It was a journey that was once looked upon with dread. Now, it takes barely half an hour to leave Rajasthan’s Dholpur behind, cross the Chambal River, and speed down to Morena on a highway cutting through the ravines. The dacoits of the region now live on only in OTT platforms and Bollywood.
Just past Morena, a road leads off the highway through the Dimani constituency where Narendra Singh Tomar, the union minister for agriculture, finds himself in the unfamiliar position of having to contest a state legislative election for the first time in 20 years.
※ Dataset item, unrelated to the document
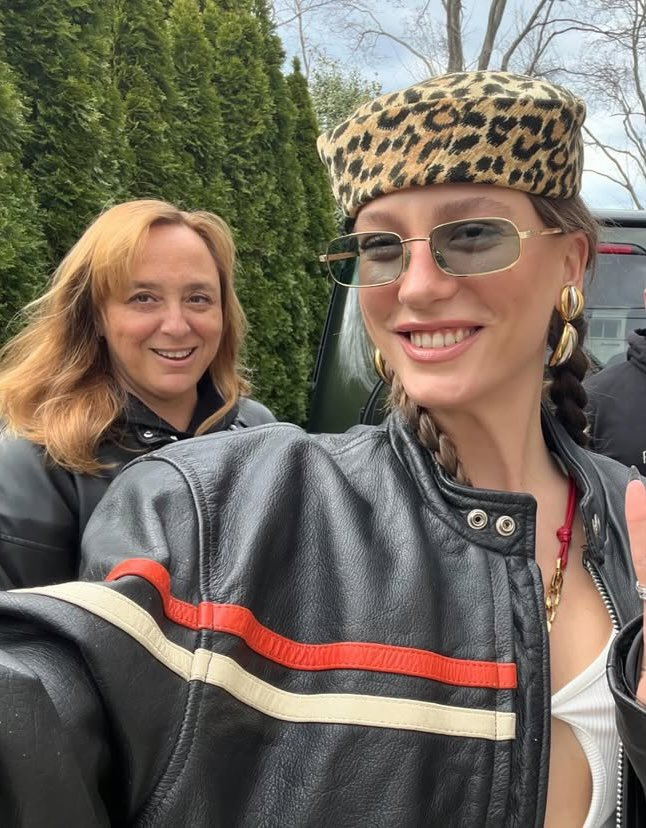 populicc's tweet image. Saraçhane olaylarıyla ilgili paylaşım yapmayan Serenay Sarıkaya, Ayşe Barım hakkında paylaşım yaptı.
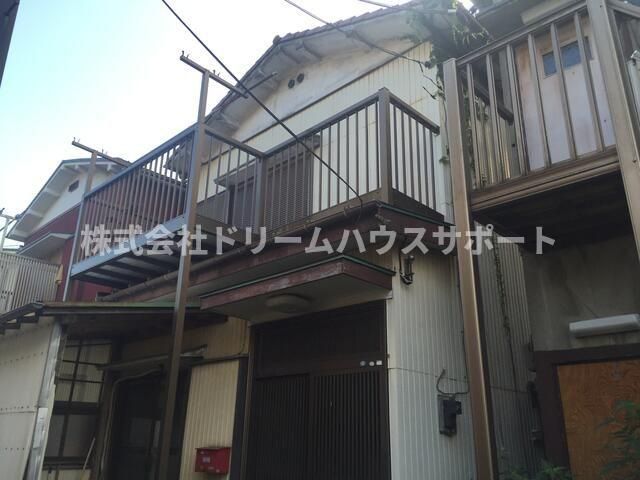 フラットハウスの外観画像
As the man who presided over the farm laws, he is the most prominent of the seven members of the Lok Sabha, including no less than three union ministers, that the Bharatiya Janata Party has deployed in Madhya Pradesh’s assembly elections.
In his constituency, people joke that he was appointed to screen candidates for the elections in the Chambal region—the electorally crucial northern region of the state below the Chambal River—and ended up finding himself in the fray, like a cricket selector who has to end up playing a T20 match. Tomar supporters favour the idea that he has been picked as a chief ministerial replacement for Shivraj Singh Chouhan, in the eventuality of the BJP forming a government by the many means the party has perfected. But this is a stretch. It may apply to a leader like Prahlad Patel, who hails from an Other Backward Classes community, or a Scheduled Tribes leader like Faggan Singh Kulaste, both of whom are among the seven members of parliament deployed in the state. But the BJP is unlikely to be seen replacing a four-term OBC chief minister with a Thakur like Tomar—particularly at a time when the issue of a national caste census continues to gain prominence.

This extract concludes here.